La Juventus si riscopre sesta in classifica. 18 punti dopo 10 giornate sono una delle peggiori partenze dell’ultima decade.
La Juventus non perde mai, ma non vince più. La squadra granitica di inizio stagione è scomparsa assieme a Bremer. Una solidità difensiva di allegriana memoria, che per un po’ ha celato i reali problemi di Madama e contribuito a giustificare il colpevole ritardo nella costruzione dell’ennesimo rinascimento bianconero.
La Juventus, nelle prime sette partite, aveva subito un gol. Nelle ultime sei, ovvero dall’infortunio del brasiliano in poi, sono stati undici in sei partite. Un dato allarmante, che i giochisti hanno provato a mettere in secondo piano con i loro consueti deliri su una presunta estetica del calcio. La sensazione è che Thiago Motta, dalla gara contro il Cagliari in poi, abbia effettivamente provato a cambiare la disposizione in campo dei suoi.
Probabilmente il tecnico italo-brasiliano era il primo ad essere consapevole che senza il suo (quasi) connazionale non si potesse conservare quella solidità difensiva, ma paradossalmente ha scelto il momento peggiore per accelerare il processo di transizione della sua squadra. La Juventus scappa meno all’indietro ed è meno preoccupata dall’idea di dover coprire rapidamente tutti gli spazi, facendosi trovata corta e compatta.
Al contrario, la Juventus cerca di tenere un baricentro più alto ma non ci riesce. Prova ad essere più aggressiva e a pressare maggiormente in avanti, ma sbaglia sistematicamente i tempi del pressing. Bremer era il giocatore che avrebbe permesso alla squadra di tenere un baricentro più alto, grazie alla sua velocità e alla sua capacità di giocare con tanto campo alle spalle, ma Allegri prima e Motta poi hanno sempre scelto di non farlo.

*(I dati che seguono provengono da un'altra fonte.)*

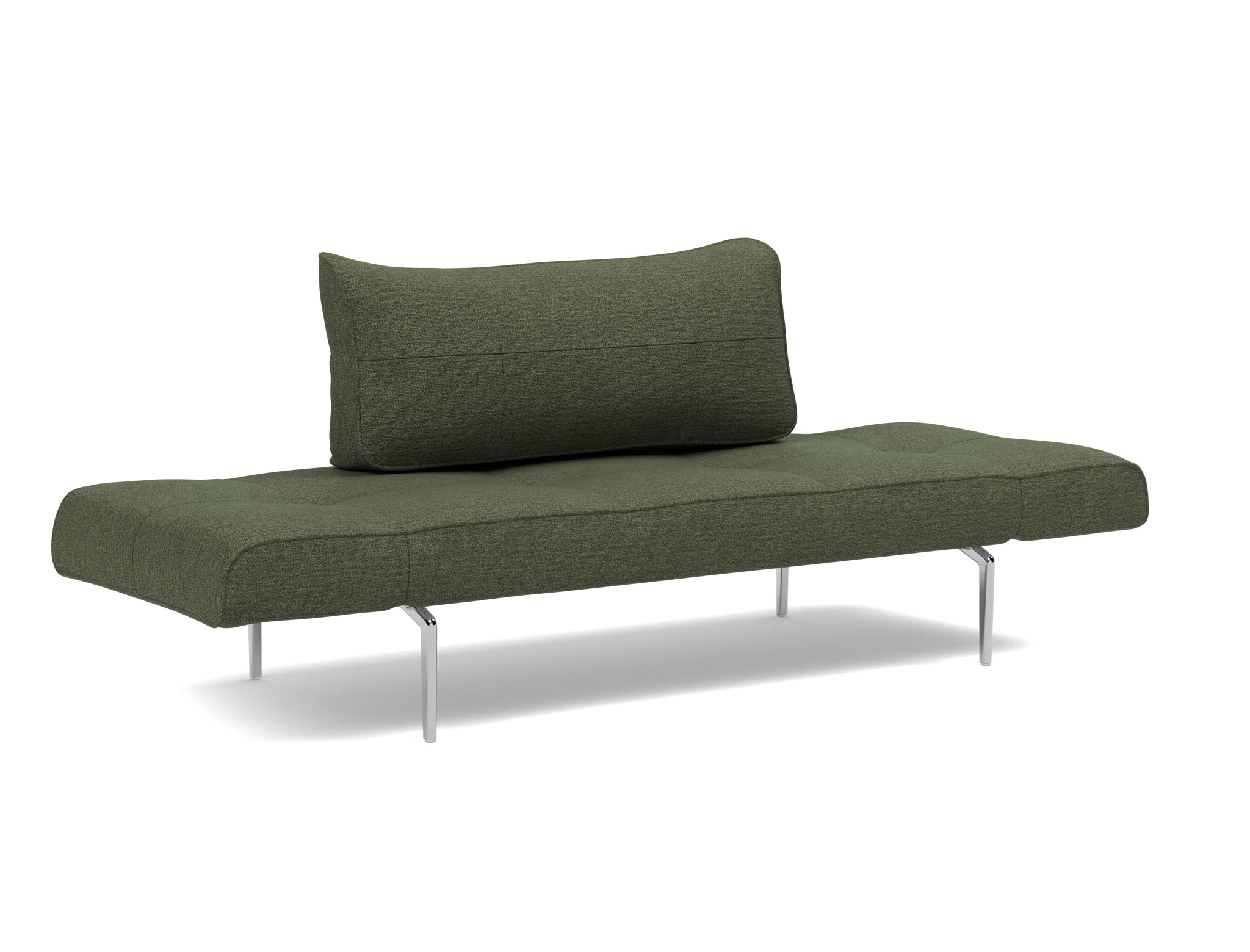 Tagesbett Zeal Strukturierter Stoff Taura 353-Forest Beine Straw Aluminium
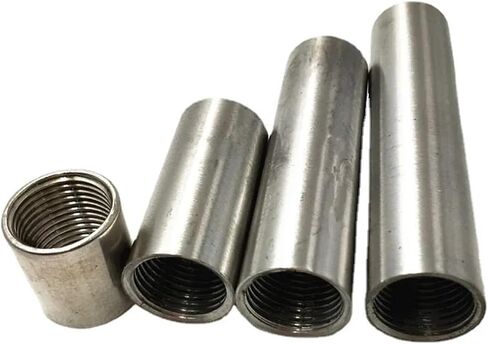 1pcs 1-1/2" bspt Female 50 60 80 100 150 200 300mm Barrel Coupler Nipple Pipe Fitting Connector 304 Stainless(60MM LENGTH_1-1/2") in Kuwait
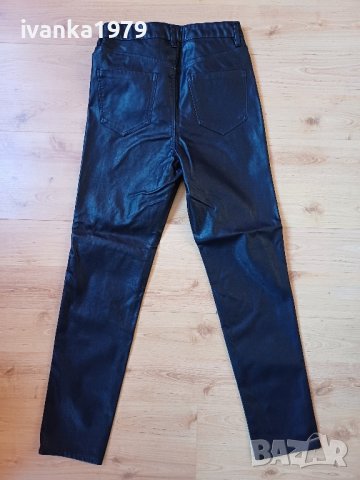 Кожен панталон H&M р.XS/34, снимка 5 - Панталони - 43582170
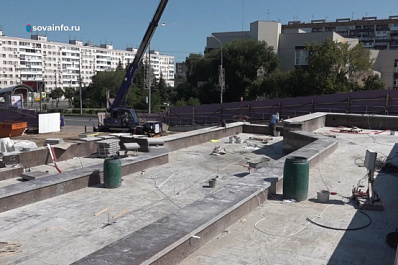 В Самаре в августе после ремонта откроется самый большой многоуровневый городской фонтан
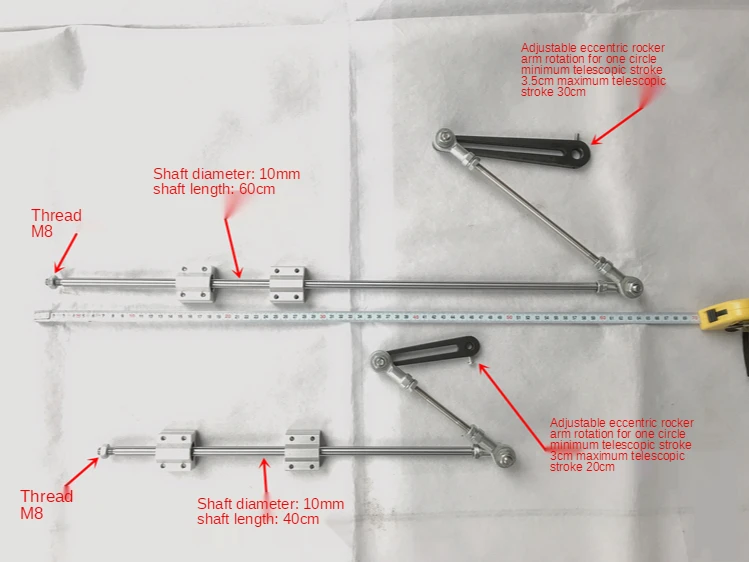 Large stroke reciprocating telescopic linear dc motor push-pull institutions eccentric rocker diy cannon machine putter
Large stroke reciprocating telescopic linear dc motor push-pull institutions eccentric rocker diy cannon machine putter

E proprio lo spettro di Max torna ad aleggiare sinistramente a Vinovo, con il suo straordinario inizio nello scorso campionato (ma derubricato come “ordinario” dai giullari di corte) che rappresenta un metro di paragone dal quale non è possibile sottrarsi. Lo scorso anno, dopo dieci giornate, la Juventus aveva 23 punti. Questo ci porta a due riflessioni. La prima è la conferma che, con quella rosa, non si potesse fare meglio di Allegri.
Anzi, fin troppo bene ha fatto il tecnico labronico considerando che il suo successore ha addirittura cinque punti in meno di lui. Con i nuovi innesti che, per un motivo per un altro, non si sono ancora inseriti, la squadra di Motta è praticamente quella che Allegri ha allenato l’anno scorso ma con di mezzo l’onere della Champions League. Il secondo è che, se quella rosa fosse stata davvero competitiva, in estate Giuntoli e Motta non ne avrebbero esautorati undici: dando ulteriore forza al concetto sciorinato in precedenza.
Volendo prendere come “anno zero” del rinascimento bianconero la prima stagione di Antonio Conte, che di fatto ha segnato la fine del mesto periodo post-Calciopoli, soltanto in tre occasioni la Juventus ha fatto registrare una partenza peggiore di quella attuale: tutte e tre le volte con Allegri alla guida.
Nella stagione 2015-2016 (ma poi avrebbe vinto lo scudetto con una rimonta incredibile) con 12 punti; nella stagione 2021-2022 (chiusa al quarto posto) e nella stagione 2022-2023, chiusa virtualmente al terzo posto ma con una penalizzazione di dieci punti che l’ha fatta scivolare al settimo.
I primi due anni dell’Allegri-bis sono stati obiettivamente deludenti (sebbene il livornese fosse pieno di attenuanti) ed è complesso che Motta possa fare peggio, ma difficilmente un risultato in linea con questi precedenti vorrebbe accettato: soprattutto dopo (oltre) centocinquanta milioni spesi sul mercato.